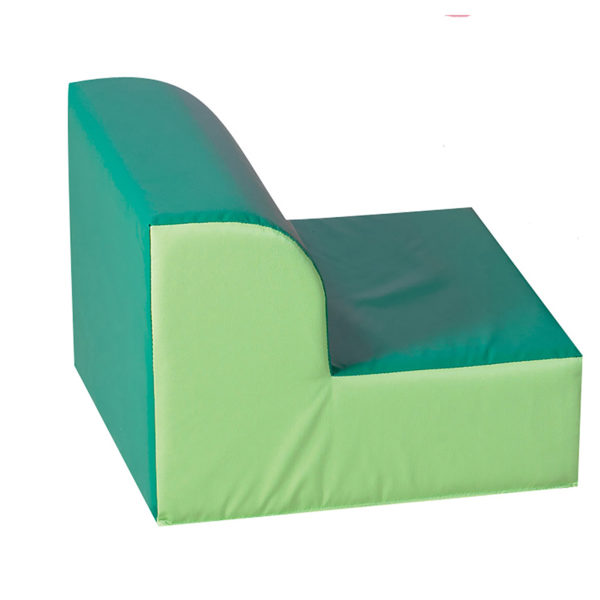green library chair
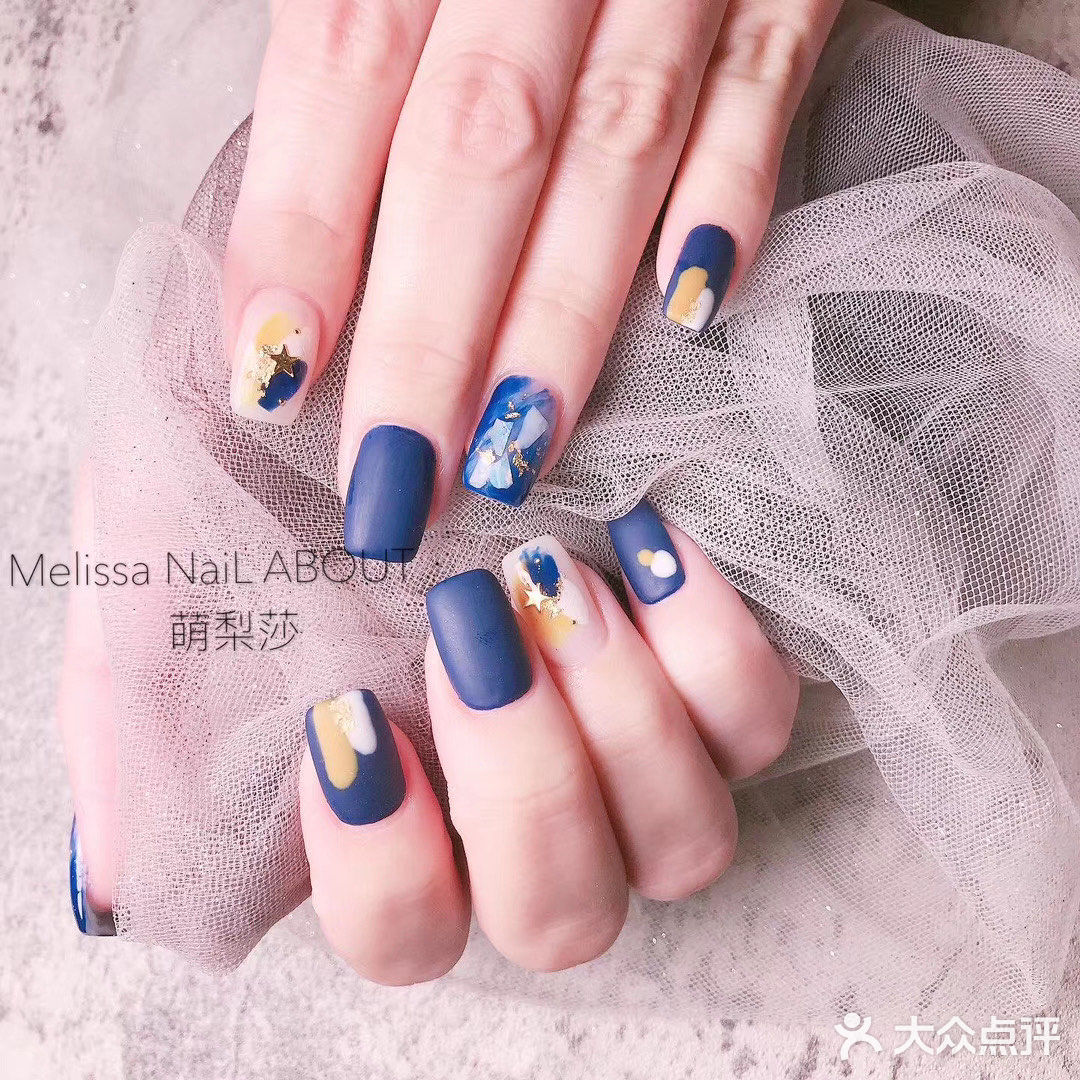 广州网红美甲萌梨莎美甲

———

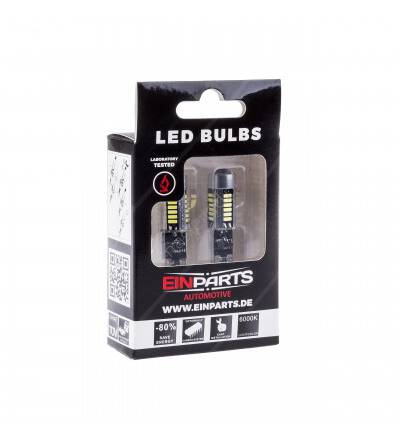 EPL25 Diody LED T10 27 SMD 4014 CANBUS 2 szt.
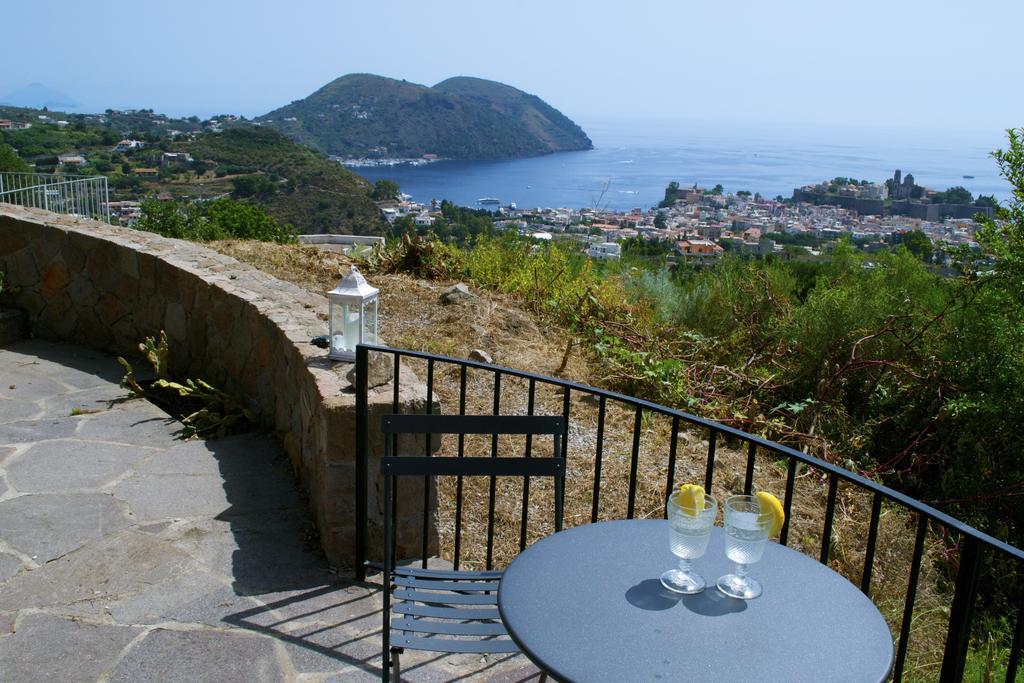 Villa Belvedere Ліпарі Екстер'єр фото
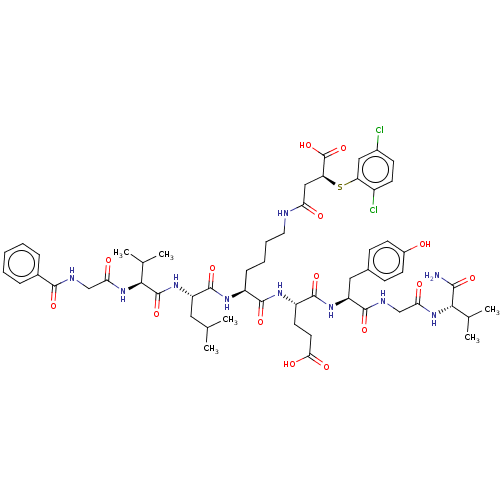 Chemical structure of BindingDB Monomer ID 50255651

———

§ **HOW TO COMPLETE THIS TASK**
Above, find the line holding "EPL25 Diody LED" and the line holding "Chemical structure of". Print exactly those two lines and every line between them, but no pictures.

§ **ANSWER TO THE EXERCISE**
 EPL25 Diody LED T10 27 SMD 4014 CANBUS 2 szt.
 Villa Belvedere Ліпарі Екстер'єр фото
 Chemical structure of BindingDB Monomer ID 50255651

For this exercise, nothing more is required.